Monday, July 17, 2006

Your Cap Rate

I did a check at LoopNet late last week to see what commercial properties are available in my area. In my search, I uncovered a 24-unit apartment complex for sale for $1,250,000. They had a proforma sheet that listed the following:

Total Annual Income ............... $179,222.00
Total Annual Operating Expenses ... $76,299.00
Net Operating Income .............. $102,923.00
Offering Price .................... $1,250,000.00
Cap Rate .......................... 8.23%

For those unfamiliar with cap rates, it's just the "Net Operating Income" divided by the price. Cap rates are another tool investors use to determine a property's worth. The higher the percentage, the better. I've heard that one should really look for properties that have a 10% (or higher) cap rate, but that doesn't mean to say that those below 10% are all bad, either. It's just another tool to use in your due diligence.

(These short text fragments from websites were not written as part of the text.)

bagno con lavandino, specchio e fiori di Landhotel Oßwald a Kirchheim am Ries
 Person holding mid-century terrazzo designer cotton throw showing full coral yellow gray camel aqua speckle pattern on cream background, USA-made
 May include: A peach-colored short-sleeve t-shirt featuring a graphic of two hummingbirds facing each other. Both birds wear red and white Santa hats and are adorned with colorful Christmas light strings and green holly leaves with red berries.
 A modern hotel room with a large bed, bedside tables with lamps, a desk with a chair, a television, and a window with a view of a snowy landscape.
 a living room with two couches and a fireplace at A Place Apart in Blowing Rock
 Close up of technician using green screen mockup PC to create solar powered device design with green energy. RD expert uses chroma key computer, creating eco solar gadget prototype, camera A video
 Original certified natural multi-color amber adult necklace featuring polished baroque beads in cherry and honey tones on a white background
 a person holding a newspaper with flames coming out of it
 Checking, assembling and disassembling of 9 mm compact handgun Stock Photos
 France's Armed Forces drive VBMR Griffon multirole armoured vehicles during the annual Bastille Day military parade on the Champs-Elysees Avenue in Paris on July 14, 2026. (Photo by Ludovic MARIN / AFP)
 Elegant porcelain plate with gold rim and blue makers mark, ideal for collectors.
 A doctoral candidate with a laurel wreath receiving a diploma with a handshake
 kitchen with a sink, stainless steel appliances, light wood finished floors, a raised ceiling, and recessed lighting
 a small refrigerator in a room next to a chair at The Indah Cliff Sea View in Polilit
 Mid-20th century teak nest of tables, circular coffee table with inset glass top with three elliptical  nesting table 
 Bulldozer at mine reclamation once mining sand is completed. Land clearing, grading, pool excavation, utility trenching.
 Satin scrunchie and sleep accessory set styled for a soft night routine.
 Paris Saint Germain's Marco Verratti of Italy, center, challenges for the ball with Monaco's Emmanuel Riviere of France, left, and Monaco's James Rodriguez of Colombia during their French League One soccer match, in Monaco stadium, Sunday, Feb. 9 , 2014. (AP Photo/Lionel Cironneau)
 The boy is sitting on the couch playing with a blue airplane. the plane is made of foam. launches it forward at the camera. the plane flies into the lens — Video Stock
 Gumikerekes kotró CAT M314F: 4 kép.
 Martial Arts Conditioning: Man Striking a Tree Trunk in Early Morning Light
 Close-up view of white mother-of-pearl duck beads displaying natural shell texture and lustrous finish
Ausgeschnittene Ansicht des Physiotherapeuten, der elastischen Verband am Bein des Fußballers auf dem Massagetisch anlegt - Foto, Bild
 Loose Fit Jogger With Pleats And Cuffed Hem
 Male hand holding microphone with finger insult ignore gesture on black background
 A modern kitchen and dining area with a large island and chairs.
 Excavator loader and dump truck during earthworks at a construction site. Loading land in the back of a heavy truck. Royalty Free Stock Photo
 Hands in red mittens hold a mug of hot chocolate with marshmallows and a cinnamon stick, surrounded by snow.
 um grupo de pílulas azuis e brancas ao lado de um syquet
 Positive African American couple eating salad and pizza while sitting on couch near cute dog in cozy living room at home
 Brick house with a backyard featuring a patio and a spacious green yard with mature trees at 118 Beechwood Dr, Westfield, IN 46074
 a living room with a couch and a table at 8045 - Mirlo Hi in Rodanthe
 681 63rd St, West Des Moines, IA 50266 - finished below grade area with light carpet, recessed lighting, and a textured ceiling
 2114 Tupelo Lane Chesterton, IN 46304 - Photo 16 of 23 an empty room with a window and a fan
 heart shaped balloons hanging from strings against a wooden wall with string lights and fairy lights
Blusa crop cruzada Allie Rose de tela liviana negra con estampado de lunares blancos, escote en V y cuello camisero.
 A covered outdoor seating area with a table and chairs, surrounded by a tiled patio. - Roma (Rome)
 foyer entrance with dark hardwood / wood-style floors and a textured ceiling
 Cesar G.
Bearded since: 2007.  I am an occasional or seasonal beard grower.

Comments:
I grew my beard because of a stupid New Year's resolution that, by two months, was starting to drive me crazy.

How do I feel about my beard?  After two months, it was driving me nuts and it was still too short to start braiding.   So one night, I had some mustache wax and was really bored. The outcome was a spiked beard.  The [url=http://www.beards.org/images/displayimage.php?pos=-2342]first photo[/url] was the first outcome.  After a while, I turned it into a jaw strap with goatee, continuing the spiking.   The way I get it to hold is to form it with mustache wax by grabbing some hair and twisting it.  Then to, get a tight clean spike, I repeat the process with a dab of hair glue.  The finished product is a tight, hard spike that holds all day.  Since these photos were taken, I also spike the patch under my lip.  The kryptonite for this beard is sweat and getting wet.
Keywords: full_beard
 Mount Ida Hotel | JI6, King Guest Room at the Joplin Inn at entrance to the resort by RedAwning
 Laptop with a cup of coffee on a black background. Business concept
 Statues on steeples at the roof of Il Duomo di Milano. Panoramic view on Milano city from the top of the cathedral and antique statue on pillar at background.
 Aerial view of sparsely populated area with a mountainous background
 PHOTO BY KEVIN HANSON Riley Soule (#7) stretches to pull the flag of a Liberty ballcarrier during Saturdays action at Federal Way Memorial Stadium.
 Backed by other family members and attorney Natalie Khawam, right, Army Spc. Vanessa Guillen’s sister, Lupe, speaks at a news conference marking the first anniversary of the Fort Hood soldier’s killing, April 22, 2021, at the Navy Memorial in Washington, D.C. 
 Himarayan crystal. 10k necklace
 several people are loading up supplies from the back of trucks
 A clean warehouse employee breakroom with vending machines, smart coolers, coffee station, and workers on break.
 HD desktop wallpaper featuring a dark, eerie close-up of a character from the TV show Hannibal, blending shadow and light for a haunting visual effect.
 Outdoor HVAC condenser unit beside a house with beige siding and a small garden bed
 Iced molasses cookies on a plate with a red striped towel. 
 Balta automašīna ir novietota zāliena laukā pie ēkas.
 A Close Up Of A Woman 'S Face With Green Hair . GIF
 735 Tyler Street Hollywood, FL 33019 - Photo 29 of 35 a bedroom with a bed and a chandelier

I also did some reading in several commercial message boards and through several free commercial investing articles, written by some of the leading people in the commerical investment business. One article in particular caught my attention. It was written by Ray Alcorn, who moderates the commerical message board at CREOnline.com. The article (called "What's it Worth? Deriving Your Capitalization Rate") outlines a different way to calculate the cap rate using YOUR specific criteria. Basically, the steps are as follows:
  1. Determine the true NOI (Net Operating Income). The proforma, and other supporting documentation, is nice, but you should always double-check the numbers yourself to ensure you have the true NOI.
  2. Determine your financing for the property. How much will your loan(s) be and at what rate and terms? How much do you plan to put down? And so on.
  3. Determine the rate of return you wish to make on your investment: 10%, 20%, 30%, more?
  4. Calculate YOUR cap rate.
  5. Determine YOUR offer price.
Here's an example using the proforma sheet from the apartment complex above, and hypothetical data for the rest of the calculation. After doing my research, I find the figures in the proforma are accurate - i.e., the NOI is $102,923. Suppose I can only put down 10% for the purchase of the property. I can get an 80% loan @8% for 20 years, and a second 10% loan @13% for 20 years. For the 10% downpayment, I want a 20% rate of return. Using Ray Alcorn's formula, I can then arrive at a cap rate:

Cap Rate = (LTV Debt ratio * mortgage constant) +
(LTV equity ratio * equity constant)

Since I will have two loans, my will include an additional LTV calculation. I'll need to figure the "mortgage constant" for both loans before anything else. Ray says this is done by dividiing the monthly payment of the loan by the debt service itself. Since the figure is constant, it doesn't matter what the debt service amount (and, consequently, the monthly payments) are, just as long as the interest rate and term stays the same. For the 1st loan, we can use a debt service of $10,000. The mortgage constant would be:

$10,000 @8% for 20 years
mortgage constant = monthly payment / debt service
mortgage constant = $83.64 / $10,000.00
mortgage constant = 0.083644

For the second loan, the mortgage constant would be:

$10,000 @13% for 20 years
mortgage constant = monthly payment / debt service
mortgage constant = $117.16 / $10,000.00
mortgage constant = 0.011716
Now we have all the information we need to arrive at OUR cap rate:

Cap Rate = (LTV Debt ratio1 * mortgage constant1) +
(LTV Debt ratio2 * mortgage constant2) +
(Equity ratio * equity constant)
Cap Rate = (0.8 * 0.083644) + (0.1 * 0.011716) + (0.1 * 0.2)
Cap Rate = 0.0669152 + 0.0011716 + 0.02
Cap Rate = 0.0880868 (or 8.81%)

Now that we gotten OUR cap rate, we can arrive at a purchase price:

Purchase Price = NOI / Our Cap Rate
Purchase Price = $102,923 / 8.81%
Purchase Price = $1,168,427

Therefore, an offer price of $1,168,427 would fit more inline with our objectives and financing. But again, Ray stresses that this is just a figure to use to aid you in your decision, and not a figure you should use to base your decision on entirely. HTH!